押し目買いの動きとディフェンシブセクターの台頭が確認
10月23日の東京株式市場では、日経平均株価が大幅に下落したものの、前場の時間帯には下げ幅が縮小する動きが出ていた。10時時点で日経平均はおおよそ650円安の4万8600円台後半で推移しており、押し目買いやディフェンシブセクターへの資金シフトが確認された。
半導体関連株の下落が指数を圧迫
指数下落を主導したのは半導体関連銘柄だった。米国ハイテク株の決算鈍化や、米中摩擦の不透明性が輸出・設備投資関連株の重荷となり、東京エレクトロン、アドバンテスト、ソフトバンクグループなどが軒並み3~4%超の下落。
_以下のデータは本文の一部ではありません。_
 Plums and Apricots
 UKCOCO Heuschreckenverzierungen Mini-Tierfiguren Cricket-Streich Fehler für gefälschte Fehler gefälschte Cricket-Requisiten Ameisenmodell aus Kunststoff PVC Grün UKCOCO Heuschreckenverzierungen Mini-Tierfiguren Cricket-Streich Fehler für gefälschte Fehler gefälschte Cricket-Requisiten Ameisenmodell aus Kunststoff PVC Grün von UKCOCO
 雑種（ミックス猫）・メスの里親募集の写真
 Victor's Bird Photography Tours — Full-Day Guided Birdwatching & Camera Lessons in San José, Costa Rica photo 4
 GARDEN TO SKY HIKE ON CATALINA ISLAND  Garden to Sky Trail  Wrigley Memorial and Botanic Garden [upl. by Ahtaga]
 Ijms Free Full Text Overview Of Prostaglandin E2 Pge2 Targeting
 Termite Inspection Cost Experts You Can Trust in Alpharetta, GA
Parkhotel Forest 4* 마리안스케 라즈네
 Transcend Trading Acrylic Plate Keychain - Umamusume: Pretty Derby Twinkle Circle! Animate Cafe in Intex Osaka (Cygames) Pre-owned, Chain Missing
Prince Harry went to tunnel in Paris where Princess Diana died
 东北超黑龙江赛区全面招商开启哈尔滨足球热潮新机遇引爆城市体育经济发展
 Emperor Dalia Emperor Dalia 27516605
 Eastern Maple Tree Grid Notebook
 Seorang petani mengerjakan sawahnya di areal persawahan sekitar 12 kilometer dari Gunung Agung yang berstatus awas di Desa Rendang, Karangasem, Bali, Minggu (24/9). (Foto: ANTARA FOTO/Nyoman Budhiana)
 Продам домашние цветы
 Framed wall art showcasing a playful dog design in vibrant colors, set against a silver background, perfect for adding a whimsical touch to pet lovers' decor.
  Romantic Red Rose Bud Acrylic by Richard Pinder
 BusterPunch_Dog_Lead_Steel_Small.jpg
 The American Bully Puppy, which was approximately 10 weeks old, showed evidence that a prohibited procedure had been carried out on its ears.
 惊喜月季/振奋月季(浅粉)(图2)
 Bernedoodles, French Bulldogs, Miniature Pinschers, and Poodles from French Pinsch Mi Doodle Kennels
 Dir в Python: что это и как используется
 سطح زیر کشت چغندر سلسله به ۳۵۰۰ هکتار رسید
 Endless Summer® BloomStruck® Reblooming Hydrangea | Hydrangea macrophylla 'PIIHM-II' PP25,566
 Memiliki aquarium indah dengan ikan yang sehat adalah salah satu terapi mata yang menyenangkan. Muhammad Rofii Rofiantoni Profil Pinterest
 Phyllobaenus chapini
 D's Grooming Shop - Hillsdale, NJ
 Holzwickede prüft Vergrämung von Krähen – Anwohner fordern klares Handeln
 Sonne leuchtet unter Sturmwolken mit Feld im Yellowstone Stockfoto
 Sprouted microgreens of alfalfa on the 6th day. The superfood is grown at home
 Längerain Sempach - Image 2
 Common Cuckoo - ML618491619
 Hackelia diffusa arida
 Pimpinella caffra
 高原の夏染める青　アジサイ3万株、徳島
これが日経平均の大幅安の一因となっている。
短期筋の押し目買いが下支え要因に
しかしながら、前場では海外の短期筋と思われる投資家が日経平均先物を通じて自律反発狙いの買いを入れた模様で、下げ一服の要因となった。売り一辺倒ではなく、押し目を狙った買いが場面によって優勢となったことで、相場の下げ渋りが見られた。
ディフェンシブ株への資金移動が浮上
下落局面に対して、食品、不動産、パルプ・紙などディフェンシブ性の高い業種が買われる動きが強まった。「日経平均が5万円近辺まで上昇していたため、急速な上昇に対する調整が起きている」という証券ストラテジストの指摘もあり、リスク回避色が出始めたことがうかがえる。
調整局面での資金の流れを注視
市場関係者は、これまでの上昇トレンドが一巡した可能性を指摘している中、今後は「どのセクターに資金が再配分されるか」が焦点となる。特に、主力ハイテクからディフェンシブへのシフトや、短期売買筋の動向に資金が左右される状況も浮上している。リスク許容度の低下が進めば、ディフェンシブ優位の相場構造がさらに鮮明となる可能性もある。